アリ・アスター×小出祐介 / 園子温|世界が注目する鬼才、初来日!その映画哲学とは

「ヘレディタリー/継承」で鮮烈な長編監督デビューを飾り、世界で注目を集めたアリ・アスターの新作「ミッドサマー」が2月21日に公開される。「ヘレディタリー」に続いて気鋭のスタジオA24が贈る本作で描かれるのは、スウェーデン奥地で行われる90年に1度の祝祭。白夜に照らされる村を訪れたアメリカ人の学生たちが、想像だにしなかった悪夢に見舞われていく。

このたび映画ナタリーでは、初来日を果たしたアスターへの取材を2回に分けて実施。観客にトラウマを植え付けるほどの鬼才でありながら、にこやかで人当たりのいい素顔を持つ彼の映画哲学に迫る。第1回では映画好きとして知られ、ミュージシャン仲間とともに映画を観るWeb連載も持つ小出祐介(Base Ball Bear)によるアスターへのインタビューを掲載。第2回では、アスターと彼が敬愛する映画監督・園子温の対談をお届けする。

取材 / 小出祐介(P1、2) 文 / 平野彰(P1、2)
取材・文 / 柴﨑里絵子(P3、4) 撮影 / 入江達也

INTERVIEW アリ・アスター×小出祐介

すごく切ない恋愛映画としての側面(小出)

アリ・アスター (小出がびっしりとメモを書き込んだ取材ノートを見て)ワオ! どんな質問が来るのか楽しみです(笑)。

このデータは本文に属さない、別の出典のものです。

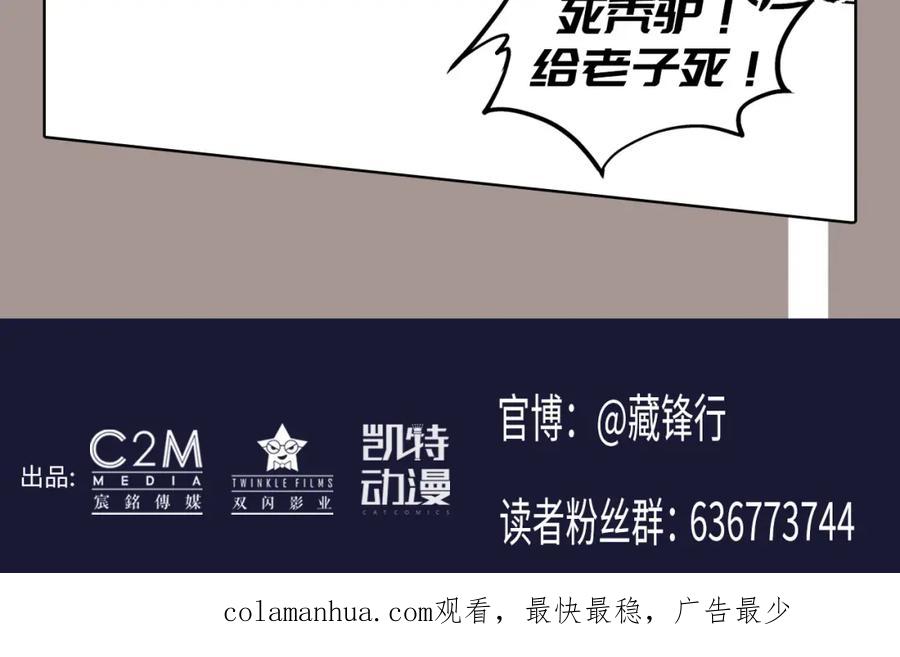 藏锋行 阿弥陀佛 第127页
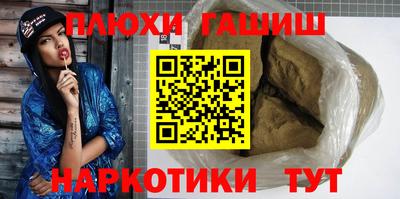 марихуана Берёзовский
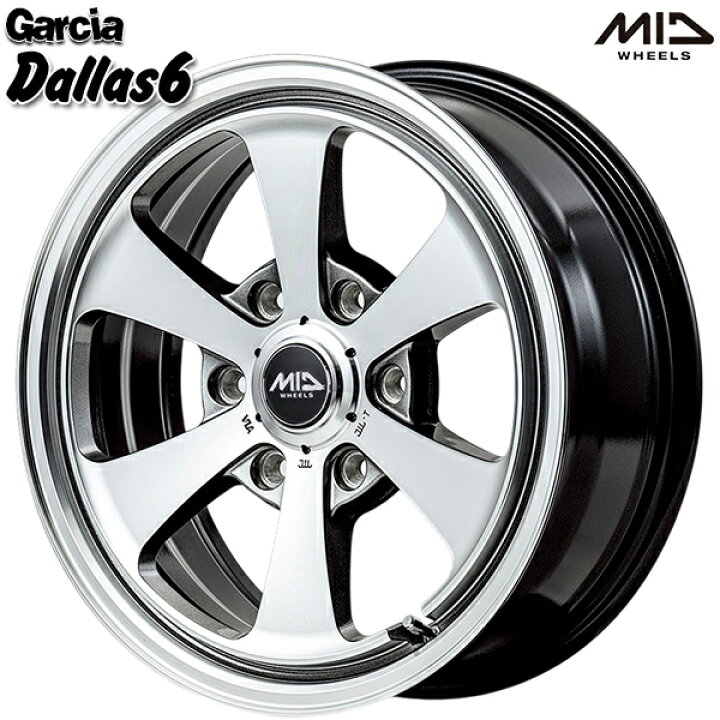 楽天市場】15インチ 6.0J 6H139.7 +33 MID Garcia Dallas6 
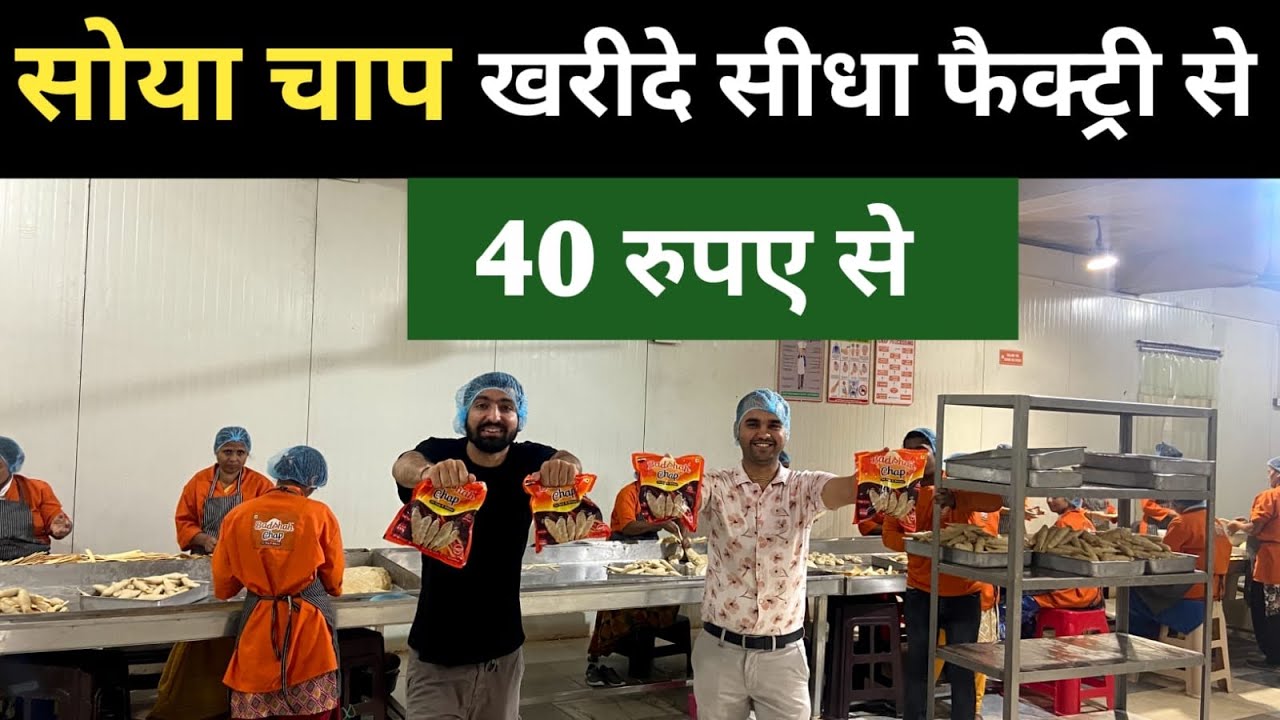 देशभर में भारी मांग / Soya Chaap Manufacture  in Delhi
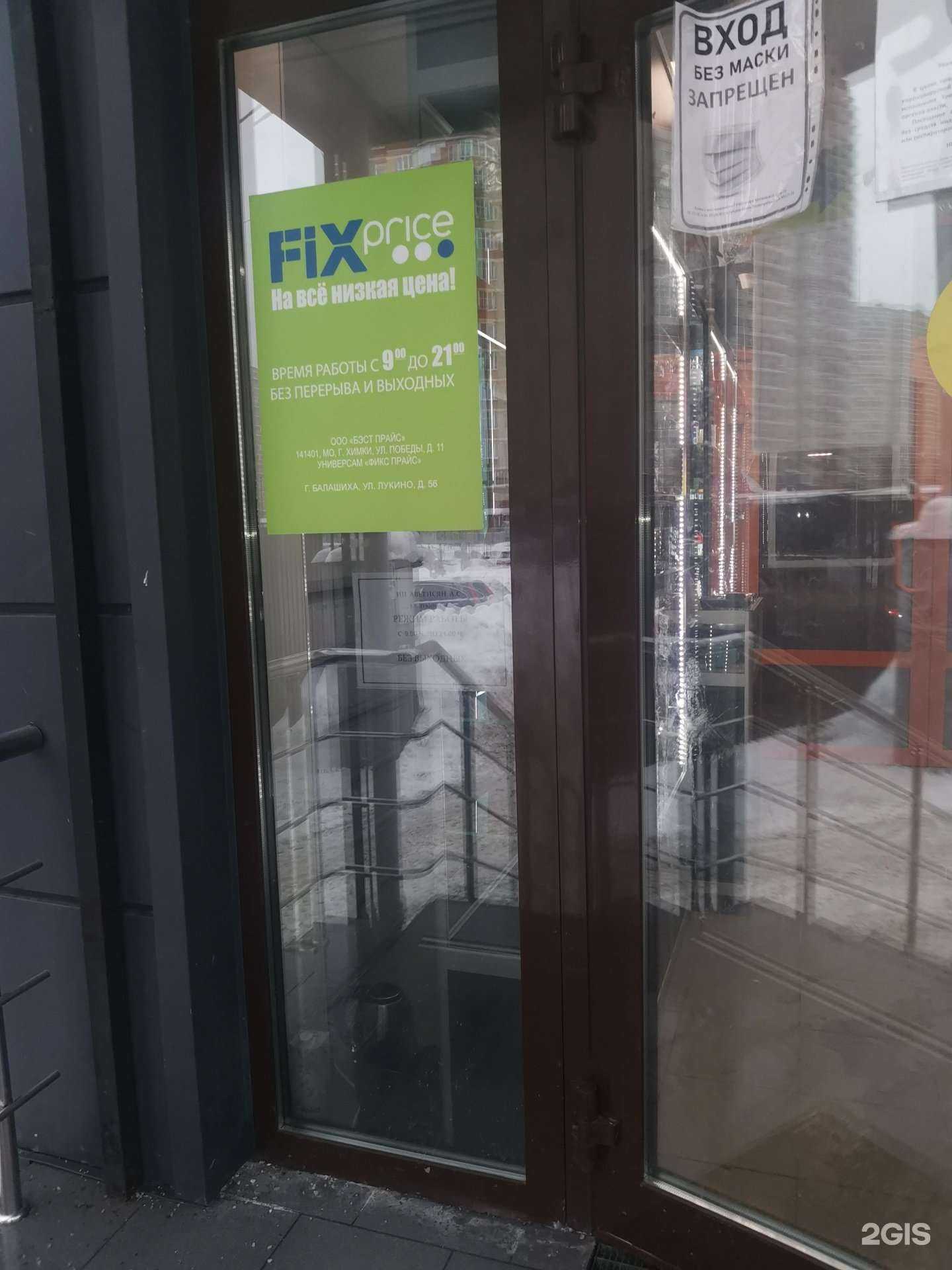 Отзывы на компанию Fix Price в г. Балашиха c фото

小出祐介 (笑)。昨年の秋に初めて観たのですが(編集部注:「ミッドサマー」は第32回東京国際映画祭の企画「シン・ファンタ / 復活!? 東京国際ファンタスティック映画祭ナイト」で上映された)、インパクトのある映像やスリリングな展開に衝撃を受けましたし、会場も大盛り上がりで、まず劇場体験としてすごく楽しかったです。

アスター ありがとうございます。

小出 それから今回の取材にあたって改めてもう一度じっくり観たんですけど、1回目のときには気付かなかった、恋愛映画としての側面がすごく沁みてきて。周囲でとんでもないことが起きていく中でも、恋人……とは言いつつも、自分と義務感や同情で一緒にいるクリスチャンが、自分のことを見てくれているかどうか確認するダニーの健気さがすごく切ない。離したくても手を離せず、関係性にしがみついていた自分との決別。この要素ってすごく普遍的なもので、実は物語の中核なんじゃないかと思ったんですけど、こういう構成にされたのはどうしてですか?

「ミッドサマー」より、フローレンス・ピュー演じるダニー(左)と、ジャック・レイナー扮するクリスチャン(右)。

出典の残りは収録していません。